4 minute read Published: 2023-09-13

This is a short follow-up of my post about the UK air traffic control meltdown. You might want to first read part one.

So my first post got a lot of attention, and that generates a lot of comments. What was most discussed was:

"But really though, what was the one thing that went wrong?"

Well, that depends who you ask. There was a bit of everything in the comments:

The point is, these systems are meant to not fail because they have lot of layers of protection. This is the swiss cheese model:

The Swiss cheese model of accident causation illustrates that, although many layers of defense lie between hazards and accidents, there are flaws in each layer that, if aligned, can allow the accident to occur. In this diagram, three hazard vectors are stopped by the defences, but one passes through where the "holes" are lined up.

It likens human systems to multiple slices of Swiss cheese, which has randomly placed and sized holes in each slice, stacked side by side, in which the risk of a threat becoming a reality is mitigated by the differing layers and types of defenses which are "layered" behind each other.
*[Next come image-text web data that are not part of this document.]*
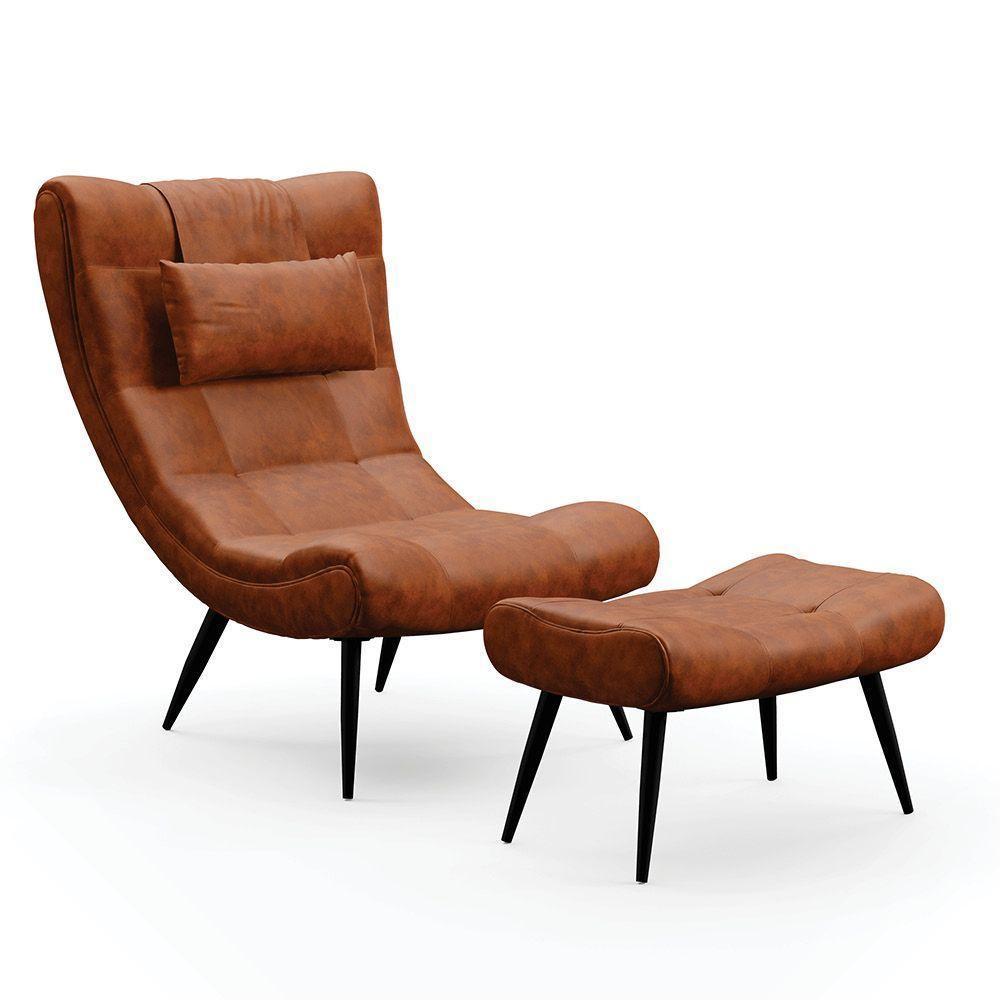 Kit 01 Poltrona E 01 Puff Sher Corano Pés De Ferro Cor Nozes - 1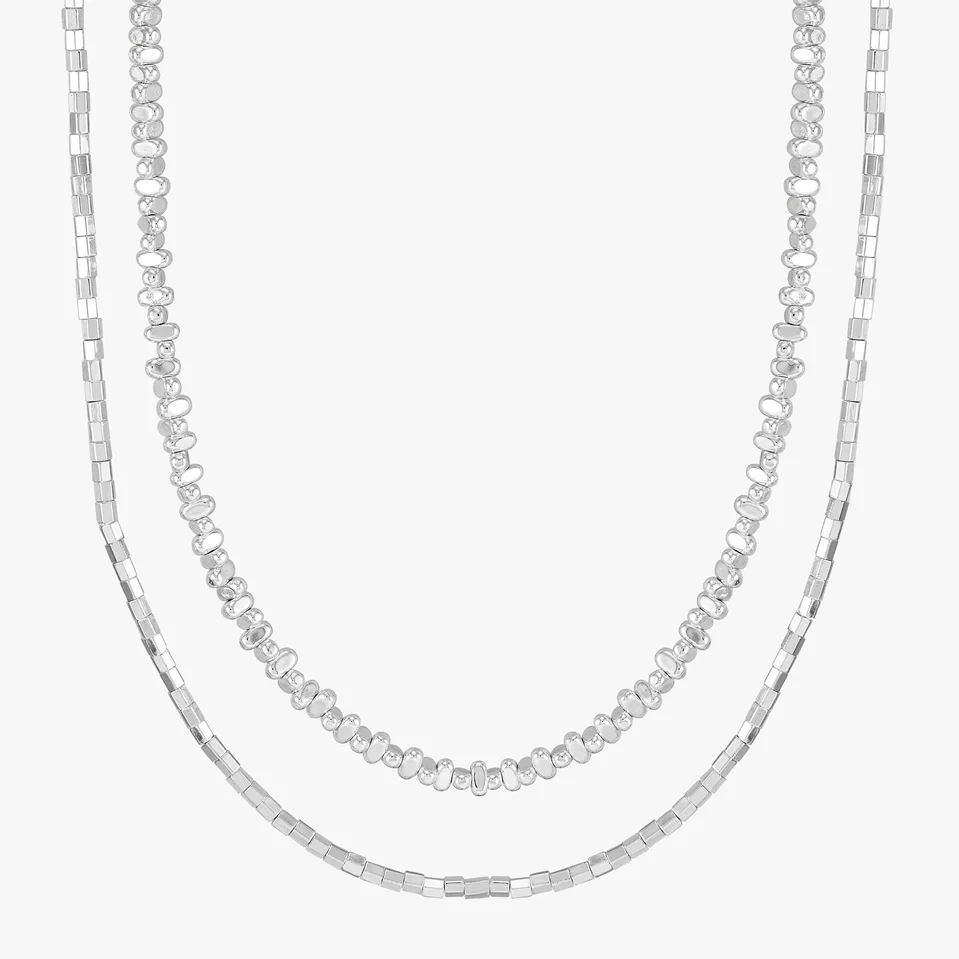 Winter Bloom Necklace, Hematite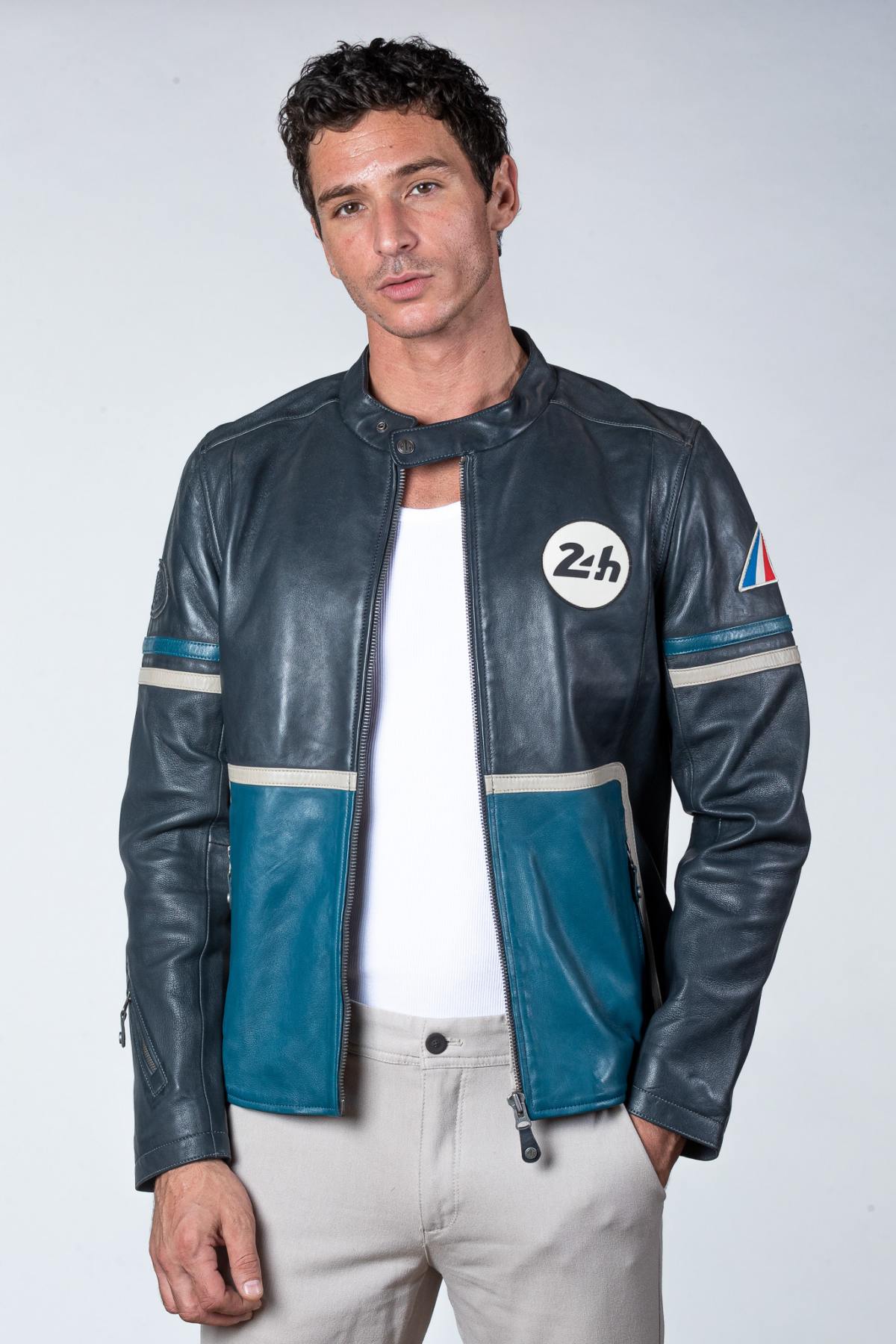 Tricolor racing leather jacket with biker collar - Image n°5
Therefore, in theory, lapses and weaknesses in one defense do not allow a risk to materialize (e.g. a hole in each slice in the stack aligning with holes in all other slices), since other defenses also exist (e.g. other slices of cheese), to prevent a single point of failure.

For example, if code must be coded by one programmer, reviewed by another, and tested by a third person in order to make it into production, then that's 3 slices of swiss cheese. If the probability that each of these people doesn't know about some requirement (e.g. "there can be duplicate waypoints") is 1/5, then (assuming independence)1, the probability that this lack of knowledge causes a bug to be coded that makes it through these three slices is 1/125.

It took several failures for the crisis to manifest. What went wrong was that many things went wrong.

So that's the question that NATS, the enquiry, and the wider community has to grapple with: what has gone wrong, to lead to a situation where many things can go wrong?

Other posts: part one and part three.


1

This is a bit naive, and it's why when developping systems where there is a primary and a backup, the teams developping them are sometimes kept completely seperated: different locations, not allowed to talk to each other about work, etc.